==== Data extract ====
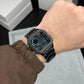 Casio illuminator AE-1200-WHD-1AV - J1868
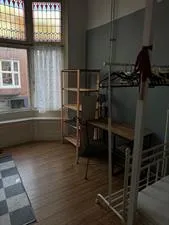 Kamer te huur: Tuinbouwdwarsstraat, Noorderplantsoenbuurt Groningen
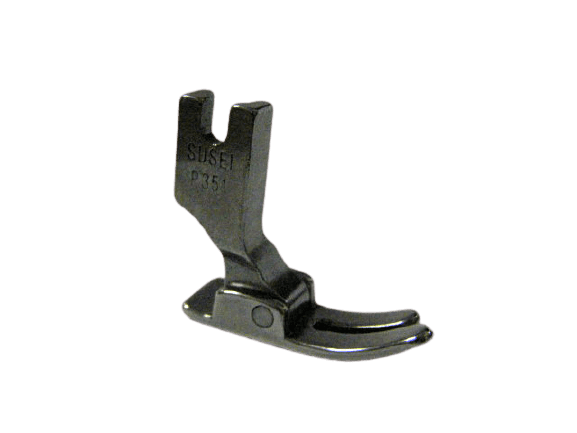 P351 stopka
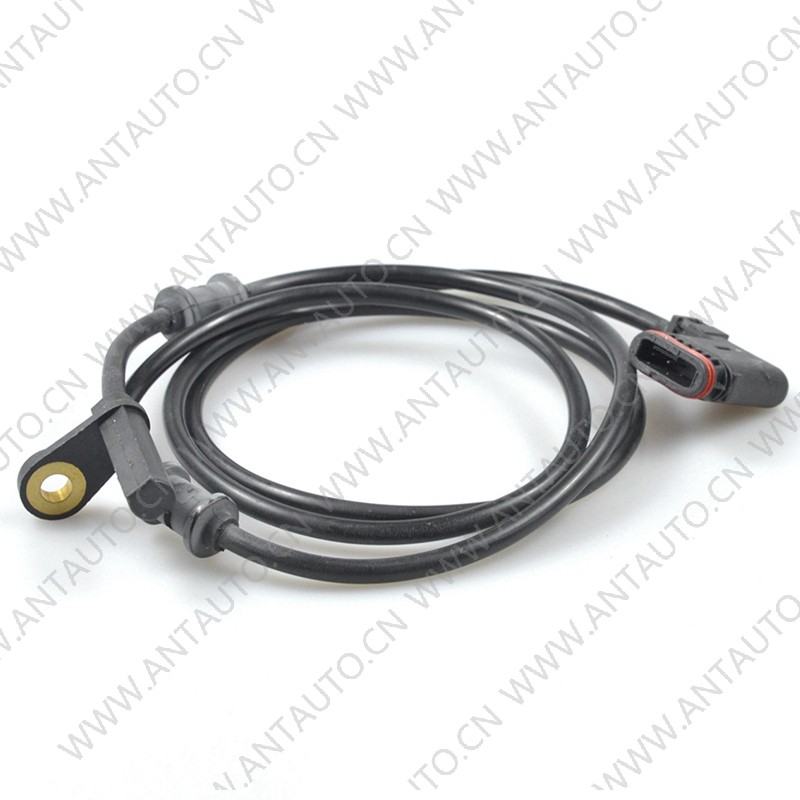 Wheel Speed sensor Wheel Speed sensor
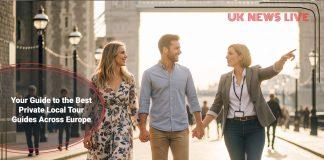 best-private-local-Europe-tour-guides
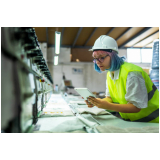 laudo pericial de periculosidade agendar JD Lavorato laudo pericial de periculosidade agendar JD Lavorato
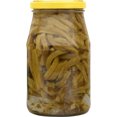 thumbnail image 4 of DONA MARIA Nopalitos, 15 OZ Jar, 4 of 6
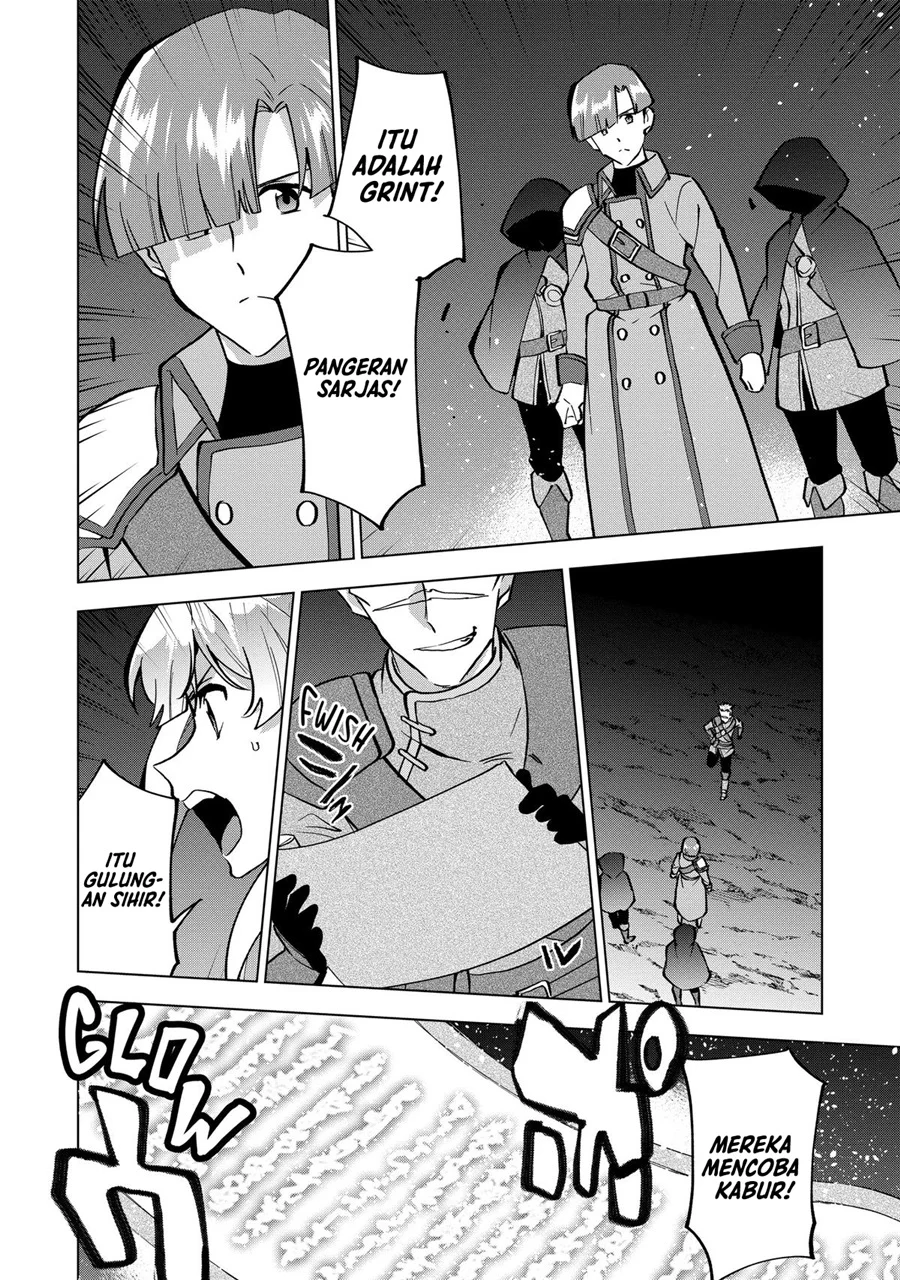 Chapter 13 - halaman 32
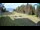 Webcam in Maribor, 6.8 km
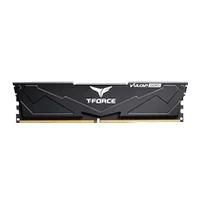 Teamgroup T-Force Vulcan Ddr5 32Gb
====
# Problem requirements
Only the lines from the one containing "thumbnail image 4" through the last line of the entries should be transcribed, exactly and with no pictures.

# Response to the task
 thumbnail image 4 of DONA MARIA Nopalitos, 15 OZ Jar, 4 of 6
 Chapter 13 - halaman 32
 Webcam in Maribor, 6.8 km
 Teamgroup T-Force Vulcan Ddr5 32Gb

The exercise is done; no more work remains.